The museum of Agua Blanca

This building represents the history of a small community located in the northwestern Ecuadorian coasts, saved when its members awarded that the protection of its culture and environment were the key to its survival. The ancestors of Agua Blanca are millenary cultures: Valdivia, Machalilla, and Manteña, that disappeared after colonization. In 1970, after many years of culture and history loss, the government declared their territory a National Park due to the presence of tropical dry forests -considered as endangered ecosystems- and forced them to leave since their presence was considered as a threat for the ecosystem. However, in 1978, the Scottish archeologist, Colin McEwan, found rests of the ancient cultures and started a project. As he explains, his team made an effort to pioneer an integrated approach to culture, ecology, and subsistence, he beleived that local communities have a vital role to play in protecting the environment and managing cultural resources wisely (McEwan, Hudson & Silva, 2000). The starting point to make this real was to build a museum in-site, a structure that would not only store archeological artifacts but would serve as a reference for the community to see differently.

McEwan, Silva, and Hudson encouraged the community to build the communal museum and soon they gained collective support and commitment.
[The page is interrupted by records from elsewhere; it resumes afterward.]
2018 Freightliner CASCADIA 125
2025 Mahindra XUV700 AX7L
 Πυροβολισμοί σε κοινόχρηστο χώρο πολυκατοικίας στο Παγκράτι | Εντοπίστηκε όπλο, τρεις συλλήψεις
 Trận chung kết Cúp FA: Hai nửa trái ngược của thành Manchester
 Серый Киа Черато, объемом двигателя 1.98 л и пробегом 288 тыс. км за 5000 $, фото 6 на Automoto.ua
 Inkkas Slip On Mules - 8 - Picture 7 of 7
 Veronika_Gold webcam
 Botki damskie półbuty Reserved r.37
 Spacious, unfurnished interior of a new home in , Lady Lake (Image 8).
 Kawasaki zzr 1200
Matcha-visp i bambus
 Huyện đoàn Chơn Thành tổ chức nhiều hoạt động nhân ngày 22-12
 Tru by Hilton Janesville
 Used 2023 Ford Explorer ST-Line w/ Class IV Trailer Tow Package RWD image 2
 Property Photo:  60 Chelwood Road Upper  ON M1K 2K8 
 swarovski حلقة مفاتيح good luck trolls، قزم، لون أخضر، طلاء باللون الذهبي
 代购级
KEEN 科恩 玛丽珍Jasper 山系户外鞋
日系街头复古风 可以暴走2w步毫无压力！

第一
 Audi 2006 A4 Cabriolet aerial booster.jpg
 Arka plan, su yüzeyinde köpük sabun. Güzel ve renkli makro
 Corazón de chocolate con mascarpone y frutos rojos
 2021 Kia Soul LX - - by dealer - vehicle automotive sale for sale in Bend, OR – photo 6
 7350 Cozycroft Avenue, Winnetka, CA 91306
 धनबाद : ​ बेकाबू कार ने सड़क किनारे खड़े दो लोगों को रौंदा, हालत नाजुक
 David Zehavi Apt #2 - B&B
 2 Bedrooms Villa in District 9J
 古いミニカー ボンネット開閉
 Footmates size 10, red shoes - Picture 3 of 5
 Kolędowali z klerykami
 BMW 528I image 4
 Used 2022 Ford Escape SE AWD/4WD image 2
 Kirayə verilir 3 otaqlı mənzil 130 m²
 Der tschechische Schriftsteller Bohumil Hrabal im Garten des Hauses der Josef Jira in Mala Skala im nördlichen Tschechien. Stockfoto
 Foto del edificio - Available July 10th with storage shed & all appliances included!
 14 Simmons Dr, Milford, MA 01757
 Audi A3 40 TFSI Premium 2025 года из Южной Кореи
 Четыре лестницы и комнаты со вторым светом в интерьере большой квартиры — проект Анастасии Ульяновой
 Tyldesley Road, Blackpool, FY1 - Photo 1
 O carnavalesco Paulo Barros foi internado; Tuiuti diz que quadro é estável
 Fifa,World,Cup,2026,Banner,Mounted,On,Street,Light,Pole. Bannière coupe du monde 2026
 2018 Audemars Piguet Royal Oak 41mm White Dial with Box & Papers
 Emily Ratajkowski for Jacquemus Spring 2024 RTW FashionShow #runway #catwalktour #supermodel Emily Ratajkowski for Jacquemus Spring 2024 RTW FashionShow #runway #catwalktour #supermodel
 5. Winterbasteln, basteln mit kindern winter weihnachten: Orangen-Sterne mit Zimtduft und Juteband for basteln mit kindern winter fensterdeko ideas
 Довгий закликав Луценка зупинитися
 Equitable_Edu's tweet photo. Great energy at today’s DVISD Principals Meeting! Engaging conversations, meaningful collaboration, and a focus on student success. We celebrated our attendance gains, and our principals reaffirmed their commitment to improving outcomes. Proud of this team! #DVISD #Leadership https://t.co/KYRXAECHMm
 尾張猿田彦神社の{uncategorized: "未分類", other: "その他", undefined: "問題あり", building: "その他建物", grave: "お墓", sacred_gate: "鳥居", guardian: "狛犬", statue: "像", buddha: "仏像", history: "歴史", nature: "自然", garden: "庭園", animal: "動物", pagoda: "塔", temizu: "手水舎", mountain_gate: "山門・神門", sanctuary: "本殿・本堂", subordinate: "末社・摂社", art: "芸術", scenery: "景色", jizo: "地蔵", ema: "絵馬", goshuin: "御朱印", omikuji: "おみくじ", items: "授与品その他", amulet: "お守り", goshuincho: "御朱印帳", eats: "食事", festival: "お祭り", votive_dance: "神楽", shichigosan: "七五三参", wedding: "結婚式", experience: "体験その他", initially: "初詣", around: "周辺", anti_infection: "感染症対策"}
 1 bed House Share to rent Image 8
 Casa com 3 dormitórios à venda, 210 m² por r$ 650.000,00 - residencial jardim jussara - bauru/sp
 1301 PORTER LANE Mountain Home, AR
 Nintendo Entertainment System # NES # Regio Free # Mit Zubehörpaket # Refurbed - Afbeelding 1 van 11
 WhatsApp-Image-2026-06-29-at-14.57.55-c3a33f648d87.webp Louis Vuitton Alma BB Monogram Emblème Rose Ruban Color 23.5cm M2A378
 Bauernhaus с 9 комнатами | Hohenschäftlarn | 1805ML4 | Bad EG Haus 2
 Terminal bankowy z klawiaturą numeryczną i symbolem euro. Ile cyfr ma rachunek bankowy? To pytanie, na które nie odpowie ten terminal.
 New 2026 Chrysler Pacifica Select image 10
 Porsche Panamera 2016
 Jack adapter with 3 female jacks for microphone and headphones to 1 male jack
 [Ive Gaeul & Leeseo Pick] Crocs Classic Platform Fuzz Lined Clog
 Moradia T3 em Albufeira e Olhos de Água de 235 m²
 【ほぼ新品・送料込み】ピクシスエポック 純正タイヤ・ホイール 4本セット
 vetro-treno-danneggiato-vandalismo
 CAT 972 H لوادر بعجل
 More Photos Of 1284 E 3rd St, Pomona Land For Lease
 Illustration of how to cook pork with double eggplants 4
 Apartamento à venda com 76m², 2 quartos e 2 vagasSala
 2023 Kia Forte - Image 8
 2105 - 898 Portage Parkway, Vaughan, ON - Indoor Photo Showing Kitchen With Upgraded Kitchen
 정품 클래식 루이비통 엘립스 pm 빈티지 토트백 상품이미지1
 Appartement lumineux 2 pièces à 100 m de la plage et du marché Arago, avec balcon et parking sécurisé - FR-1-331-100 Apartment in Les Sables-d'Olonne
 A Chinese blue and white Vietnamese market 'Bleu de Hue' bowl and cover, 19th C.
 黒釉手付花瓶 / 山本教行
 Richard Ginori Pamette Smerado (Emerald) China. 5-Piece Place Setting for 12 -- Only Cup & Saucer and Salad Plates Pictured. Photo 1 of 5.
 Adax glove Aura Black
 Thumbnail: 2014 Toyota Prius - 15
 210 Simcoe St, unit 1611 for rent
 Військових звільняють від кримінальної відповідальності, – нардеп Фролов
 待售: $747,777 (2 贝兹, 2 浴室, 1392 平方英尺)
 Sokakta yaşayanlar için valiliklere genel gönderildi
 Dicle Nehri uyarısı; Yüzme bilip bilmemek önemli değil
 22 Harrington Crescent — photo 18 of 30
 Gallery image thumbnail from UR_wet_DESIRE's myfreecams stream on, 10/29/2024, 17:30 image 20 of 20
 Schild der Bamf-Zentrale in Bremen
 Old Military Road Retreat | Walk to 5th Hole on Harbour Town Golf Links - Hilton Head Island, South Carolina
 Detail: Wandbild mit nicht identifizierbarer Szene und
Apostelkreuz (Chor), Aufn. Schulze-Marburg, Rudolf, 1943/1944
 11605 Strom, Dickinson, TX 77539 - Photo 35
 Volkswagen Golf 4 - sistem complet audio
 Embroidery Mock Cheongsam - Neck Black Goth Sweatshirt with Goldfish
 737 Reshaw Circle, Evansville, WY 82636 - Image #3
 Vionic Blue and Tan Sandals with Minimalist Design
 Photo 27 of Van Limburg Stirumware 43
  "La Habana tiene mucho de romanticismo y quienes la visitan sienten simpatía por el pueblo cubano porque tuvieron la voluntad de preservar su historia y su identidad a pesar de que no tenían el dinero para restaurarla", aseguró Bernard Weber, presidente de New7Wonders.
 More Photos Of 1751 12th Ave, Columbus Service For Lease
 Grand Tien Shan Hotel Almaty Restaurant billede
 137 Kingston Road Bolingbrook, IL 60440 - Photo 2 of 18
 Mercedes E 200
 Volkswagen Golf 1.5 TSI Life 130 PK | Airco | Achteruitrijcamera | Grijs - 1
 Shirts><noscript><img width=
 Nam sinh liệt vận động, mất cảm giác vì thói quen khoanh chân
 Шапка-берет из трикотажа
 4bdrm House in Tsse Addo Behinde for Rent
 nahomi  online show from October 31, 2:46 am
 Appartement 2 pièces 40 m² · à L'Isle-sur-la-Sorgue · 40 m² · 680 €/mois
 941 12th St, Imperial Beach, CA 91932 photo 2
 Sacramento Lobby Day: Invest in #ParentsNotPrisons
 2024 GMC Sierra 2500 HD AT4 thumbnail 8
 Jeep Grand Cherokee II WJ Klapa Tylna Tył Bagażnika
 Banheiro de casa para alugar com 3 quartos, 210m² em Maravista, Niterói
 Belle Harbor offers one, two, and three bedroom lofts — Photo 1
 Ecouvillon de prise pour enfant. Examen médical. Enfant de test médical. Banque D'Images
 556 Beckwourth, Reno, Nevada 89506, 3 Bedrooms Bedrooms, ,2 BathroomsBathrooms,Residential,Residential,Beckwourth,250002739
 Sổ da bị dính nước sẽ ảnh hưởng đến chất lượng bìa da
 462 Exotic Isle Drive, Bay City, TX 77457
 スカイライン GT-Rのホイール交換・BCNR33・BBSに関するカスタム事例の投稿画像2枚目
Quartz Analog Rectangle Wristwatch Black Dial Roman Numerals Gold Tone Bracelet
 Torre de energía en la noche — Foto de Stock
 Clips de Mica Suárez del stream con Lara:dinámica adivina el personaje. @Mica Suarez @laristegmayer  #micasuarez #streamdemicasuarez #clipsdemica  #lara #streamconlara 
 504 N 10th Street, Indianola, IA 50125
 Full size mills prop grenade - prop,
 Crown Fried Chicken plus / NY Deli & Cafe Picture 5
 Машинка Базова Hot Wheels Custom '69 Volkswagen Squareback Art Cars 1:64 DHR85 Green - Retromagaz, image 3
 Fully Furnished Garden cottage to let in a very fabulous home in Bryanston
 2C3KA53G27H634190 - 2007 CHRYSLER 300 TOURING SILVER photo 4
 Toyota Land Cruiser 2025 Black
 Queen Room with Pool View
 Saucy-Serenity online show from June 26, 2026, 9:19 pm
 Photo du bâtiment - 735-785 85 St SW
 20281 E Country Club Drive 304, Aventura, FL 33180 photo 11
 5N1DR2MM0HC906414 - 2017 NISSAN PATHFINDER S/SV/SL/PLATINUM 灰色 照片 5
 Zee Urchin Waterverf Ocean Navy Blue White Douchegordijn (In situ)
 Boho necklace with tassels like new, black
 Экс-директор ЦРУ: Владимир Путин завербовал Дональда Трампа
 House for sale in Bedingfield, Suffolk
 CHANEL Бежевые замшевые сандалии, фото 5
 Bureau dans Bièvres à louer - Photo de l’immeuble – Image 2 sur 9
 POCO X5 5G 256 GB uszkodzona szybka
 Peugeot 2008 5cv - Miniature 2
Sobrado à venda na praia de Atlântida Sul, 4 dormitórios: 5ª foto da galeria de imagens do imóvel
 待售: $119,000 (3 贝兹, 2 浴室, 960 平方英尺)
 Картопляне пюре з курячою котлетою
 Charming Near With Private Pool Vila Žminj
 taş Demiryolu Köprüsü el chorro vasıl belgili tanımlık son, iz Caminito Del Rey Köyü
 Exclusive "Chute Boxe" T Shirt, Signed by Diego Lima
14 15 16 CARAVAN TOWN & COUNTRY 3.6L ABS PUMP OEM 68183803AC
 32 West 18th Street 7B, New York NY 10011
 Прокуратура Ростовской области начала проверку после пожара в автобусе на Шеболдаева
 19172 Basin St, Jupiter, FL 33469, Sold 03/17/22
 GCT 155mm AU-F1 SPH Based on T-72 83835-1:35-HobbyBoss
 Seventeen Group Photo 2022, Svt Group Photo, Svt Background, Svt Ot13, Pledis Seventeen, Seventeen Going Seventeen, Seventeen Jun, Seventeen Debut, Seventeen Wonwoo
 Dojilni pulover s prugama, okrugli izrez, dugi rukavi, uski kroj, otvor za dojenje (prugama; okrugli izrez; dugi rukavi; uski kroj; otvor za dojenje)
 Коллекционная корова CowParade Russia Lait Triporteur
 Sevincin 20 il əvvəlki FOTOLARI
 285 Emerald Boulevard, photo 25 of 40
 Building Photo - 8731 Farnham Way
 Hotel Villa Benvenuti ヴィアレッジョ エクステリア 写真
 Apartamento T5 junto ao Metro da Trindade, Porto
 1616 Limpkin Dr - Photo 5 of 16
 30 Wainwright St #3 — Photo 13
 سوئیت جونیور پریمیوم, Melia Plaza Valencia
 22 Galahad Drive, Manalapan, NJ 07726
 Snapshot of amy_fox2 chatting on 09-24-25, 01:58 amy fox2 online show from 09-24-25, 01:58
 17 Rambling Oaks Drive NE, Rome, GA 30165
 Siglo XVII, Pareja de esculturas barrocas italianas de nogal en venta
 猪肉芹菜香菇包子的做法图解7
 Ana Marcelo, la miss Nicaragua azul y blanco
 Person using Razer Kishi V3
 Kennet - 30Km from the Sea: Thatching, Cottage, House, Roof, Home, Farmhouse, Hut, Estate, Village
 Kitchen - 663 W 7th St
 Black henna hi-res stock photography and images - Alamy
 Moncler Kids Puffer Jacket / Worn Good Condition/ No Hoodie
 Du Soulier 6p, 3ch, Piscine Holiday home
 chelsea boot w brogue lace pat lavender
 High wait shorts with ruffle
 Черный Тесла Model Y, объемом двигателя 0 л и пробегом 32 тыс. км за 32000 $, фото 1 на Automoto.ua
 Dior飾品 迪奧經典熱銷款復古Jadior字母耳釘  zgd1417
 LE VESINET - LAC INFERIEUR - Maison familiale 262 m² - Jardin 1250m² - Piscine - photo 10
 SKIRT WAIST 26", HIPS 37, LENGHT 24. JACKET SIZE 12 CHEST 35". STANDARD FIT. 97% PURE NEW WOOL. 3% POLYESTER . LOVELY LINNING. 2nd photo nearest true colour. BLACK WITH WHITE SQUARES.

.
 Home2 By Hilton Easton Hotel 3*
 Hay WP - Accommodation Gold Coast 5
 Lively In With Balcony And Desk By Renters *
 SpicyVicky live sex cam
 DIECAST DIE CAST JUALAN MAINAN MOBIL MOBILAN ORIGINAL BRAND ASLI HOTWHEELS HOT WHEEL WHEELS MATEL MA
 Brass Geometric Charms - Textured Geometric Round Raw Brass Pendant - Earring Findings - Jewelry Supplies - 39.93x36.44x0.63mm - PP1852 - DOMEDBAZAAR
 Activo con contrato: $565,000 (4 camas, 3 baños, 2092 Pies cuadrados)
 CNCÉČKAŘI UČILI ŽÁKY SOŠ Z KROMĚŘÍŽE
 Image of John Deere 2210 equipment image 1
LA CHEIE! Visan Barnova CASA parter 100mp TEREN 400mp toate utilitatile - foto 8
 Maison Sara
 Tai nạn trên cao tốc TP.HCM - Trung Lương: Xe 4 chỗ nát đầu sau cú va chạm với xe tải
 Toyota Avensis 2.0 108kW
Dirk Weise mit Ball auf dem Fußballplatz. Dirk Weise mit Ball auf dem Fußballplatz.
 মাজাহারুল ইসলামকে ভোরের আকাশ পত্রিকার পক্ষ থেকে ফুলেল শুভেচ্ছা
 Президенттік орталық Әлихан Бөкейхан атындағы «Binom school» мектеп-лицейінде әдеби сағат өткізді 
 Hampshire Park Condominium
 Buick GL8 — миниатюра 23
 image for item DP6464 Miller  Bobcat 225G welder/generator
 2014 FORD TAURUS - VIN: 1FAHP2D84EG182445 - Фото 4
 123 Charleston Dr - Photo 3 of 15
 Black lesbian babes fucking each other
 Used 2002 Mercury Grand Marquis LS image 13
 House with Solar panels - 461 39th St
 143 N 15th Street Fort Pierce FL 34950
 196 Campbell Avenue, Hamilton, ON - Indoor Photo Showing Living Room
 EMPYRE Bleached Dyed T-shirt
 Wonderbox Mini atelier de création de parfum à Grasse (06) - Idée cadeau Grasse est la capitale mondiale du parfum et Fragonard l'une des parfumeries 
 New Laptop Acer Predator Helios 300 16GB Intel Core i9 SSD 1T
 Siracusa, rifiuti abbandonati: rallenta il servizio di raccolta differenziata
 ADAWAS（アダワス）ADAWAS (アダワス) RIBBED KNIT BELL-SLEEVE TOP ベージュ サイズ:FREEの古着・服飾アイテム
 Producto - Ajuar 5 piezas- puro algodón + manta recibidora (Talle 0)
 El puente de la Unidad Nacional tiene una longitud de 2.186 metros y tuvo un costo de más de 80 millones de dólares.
In 1990, under the direction of the foreign architect, Chris Hudson, they built the structure using local materials and traditional construction techniques creating a structure suitable for the village landscape and the dry tropical climate that characterizes this zone. Furthermore, by using local materials and teamwork they accommodated the construction to the economic limitations. The building is composed of timber, split bamboo, palm thatch, cobbles and quincha (a bamboo and earth wall structure) that were extracted from the woods and the close river. The structure rises on piles that help to avoid humidity in certain months, it also counts on cross ventilation that assures the entrance of fresh air, jointly to the quincha walls and the thatch palm roof, they keep interior thermal comfort. The structure´s lightness and flexibility make the building resistant to the frequent seismic movements in this region.

After the museum construction, Agua Blanca realized their potential as the heirs of a millenary culture to protect their territory that was about to get lost. They reclaimed its land- that today is completely shared- and started to practice community-based tourism, which reactivated the community´s economy. They became the woods guardians. Today, they use its resources only for the benefit of community improvements. Agua Blanca is an example for other communities and maybe the only one that represents the traditional coastal regions in Ecuador.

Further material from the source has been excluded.